Torah Reading for Week of January 19-25, 2014
Digging a Pit: What Falls In, and What Returns?
by Rabbi Toba August
I love teaching Torah, and experiencing my students’ delight in learning is profoundly rewarding. Over the years I have used various methods of interpretation to make Torah relevant for contemporary learners. This week’s Parsha can be presented to students through rigorous intellectual study.
Following the Ten Commandments, the portion contains 53 seemingly unrelated laws. These “Mishpatim” – civil ordinances, include rulings about Hebrew slaves, goring oxen, taking bribes, ‘eye for an eye’, and much more. Though there seems to be no planned structure, an overarching theme is taking responsibility for your personal actions, caring for others and their animals and creating a safe and just public domain. These laws are pertinent in contemporary times and are the foundation for much of Jewish Halachah – law codes. Students enjoy applying the ancient teachings to present-day situations.
There is however, another approach, using Hasidic interpretations, which takes us away from the actual Peshat – literal and contextual meaning of the text, and help uncover a deeper introspective meaning. According to Rabbi Aryeh Wineman, “Hasidic homilists focus on psychological insight, and the Torah passage is read as an existential observation of human life, emotions, conflicts and growth in spiritual awareness.”[i]

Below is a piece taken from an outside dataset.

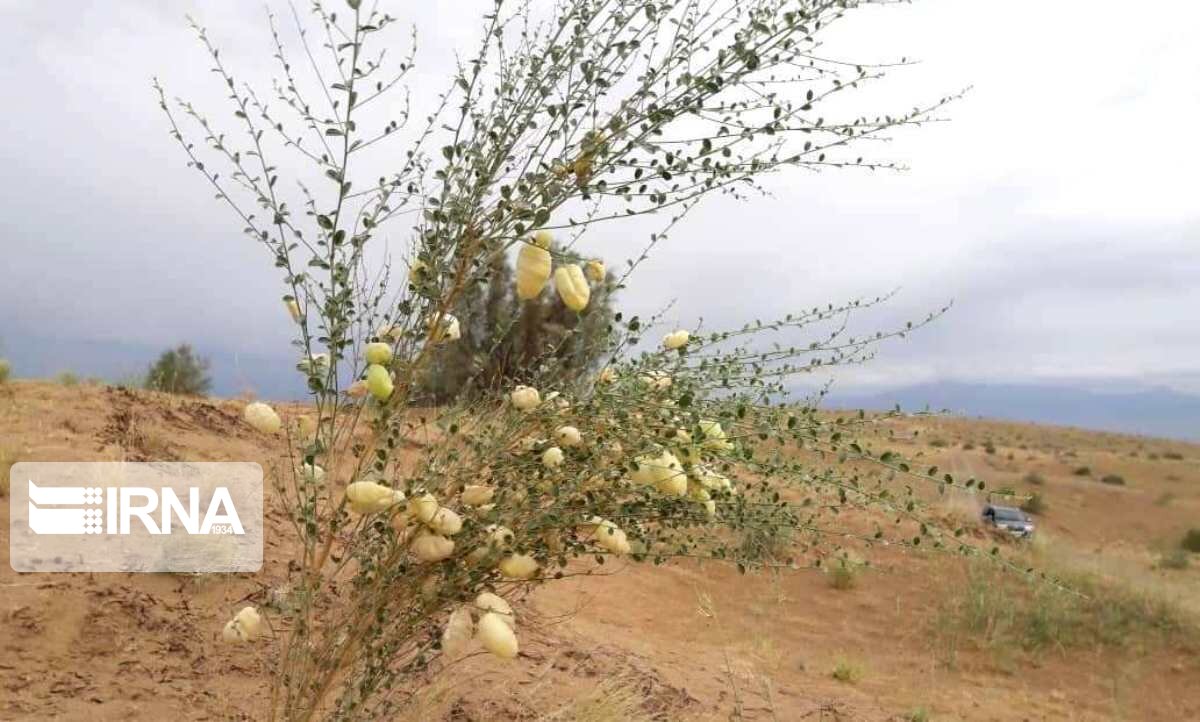 ۱۳۰۰ گونه گیاهی متنوع در سیستان و بلوچستان وجود دارد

An example of this type of Hasidic teaching is brought down by Rabbi Arthur Green in his latest book, from verses in our Parshah, Mishpatim:
If a person opens a pit, or digs a pit, and does not cover it and an ox . . . falls into it, the owner of the pit must make restitution. He shall return money to the owner, but the dead animal is his. (Exodus 21:33-34)
The 18th century Hasidic text, Noam Elimelech says that ‘opening the pit’ alludes to ‘wellsprings of awe and holiness that can be opened in people’s hearts, by teaching them Torah.’[ii]
“Digging” a pit is like “digging” into people’s spirits, carving out wonder and devotion. These Torah verses about digging pits and falling oxen are saying that when a righteous teacher helps students learn the truths within Torah and come closer to God (by ‘digging’ into their hearts), the instructors will be rewarded. The kindness and good deeds of their students will be returned to them. This is the ‘restitution’ discussed in our verse.
The Hasidic text supports its explanation as it interprets the rabbinic saying: “Mah sh’yozeh min hal’ev, nichnas la’lev – Words that come from the heart enter the heart.” Noam Elimelech explains, “this can mean, the heart that the words came from – those same words enter back into it and increase the holiness within it.”
“Digging a pit” then is an allusion to the art of teaching and influencing others, and ‘making restitution’ becomes the impact the students have on their teacher.
As an instructor, I feel rewarded knowing that I enliven my students’ lives with holy learning, but did not often reflect on how much this process increased my own internal growth. One of the greatest rewards of teaching is the gifts that students offer. The ‘restitution’ the students give a teacher for opening the wellsprings in their hearts, opens up her heart even more! Shabbat Shalom.
[i]“How the Hasidic Masters Read the Torah” by Aryeh Wineman. Conservative Judaism, Fall/Winter 2007-2008
[ii] Rabbi Elimelech of Lizhensk was the scholarly brother of Reb Zusya of Anipoli, best known for his sincerity in devotion and simplicity of life. They were among the earliest Hasidic rebbes (late 18th century).